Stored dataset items

***

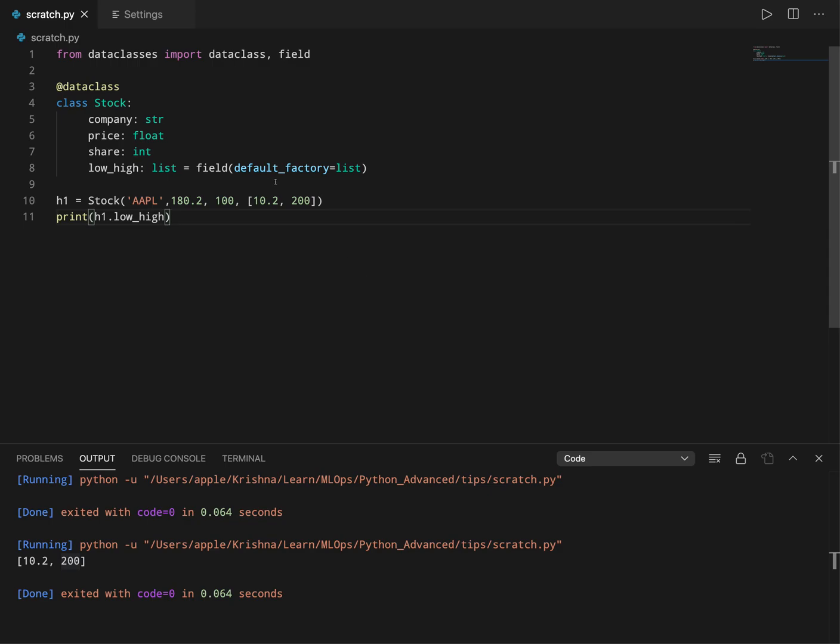So this is about field options and default_factory options in data class. I will understand more about data classes in the coming chapters.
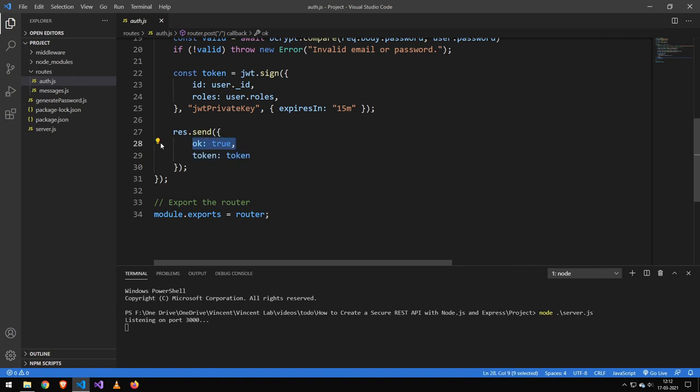And then we'll just go ahead and send this. I do want to add that I do this here. The reason why I do this is it's just something that I really like for front-end application that there's just okay. And if it's not okay, it's false. If it's okay, it's true. I have that on all of my API endpoints.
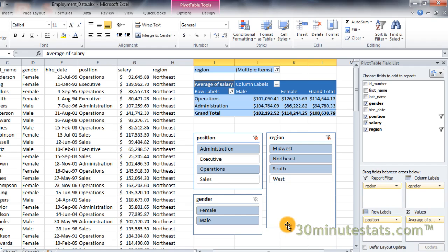In the next video, you'll learn how to turn your pivot table into a graphic with pivot charts. I'll see you there.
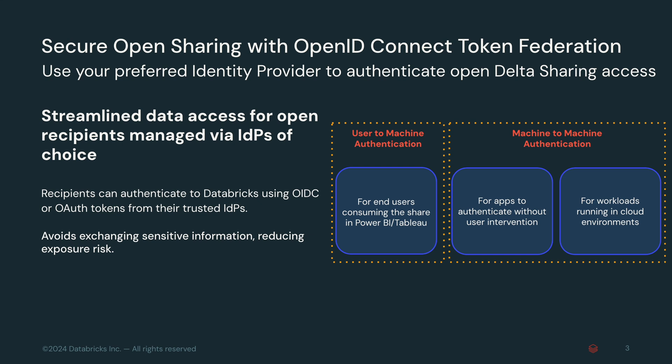Now, with secure open sharing with OpenID Connect, we offer a more secure authentication mechanism that minimizes exposure risks. Let me quickly highlight the two supported scenarios: user-to-machine, U2M, where users authenticate via their IDP to access shared data, and machine-to-machine, M2M, where systems authenticate without user intervention. Today, I will walk you through a user-to-machine flow.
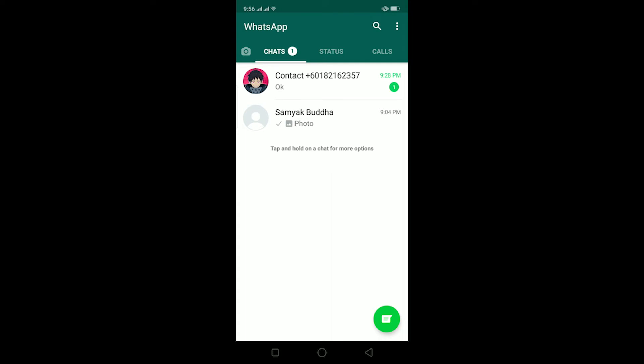To fix this error, we're going to delete WhatsApp and install it again - we're going to offload this app. Before doing this, make sure to back up your WhatsApp chat. If you have important files and other stuff on your WhatsApp and you do this step without backing up, it's all going to be lost. So make sure to back up your WhatsApp chat.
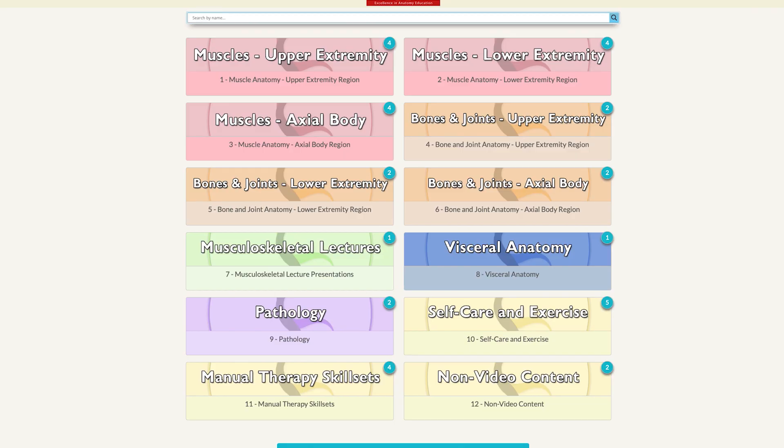Hello, my name is Dr. Joe Muscolino, and welcome to this navigational video for Anatomy Masterclasses, AMC.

***

Every line from the one containing "To fix this" through the end of the entries above, both included, should be extracted exactly, with pictures left out.

• [The answer]:
To fix this error, we're going to delete WhatsApp and install it again - we're going to offload this app. Before doing this, make sure to back up your WhatsApp chat. If you have important files and other stuff on your WhatsApp and you do this step without backing up, it's all going to be lost. So make sure to back up your WhatsApp chat.
Hello, my name is Dr. Joe Muscolino, and welcome to this navigational video for Anatomy Masterclasses, AMC.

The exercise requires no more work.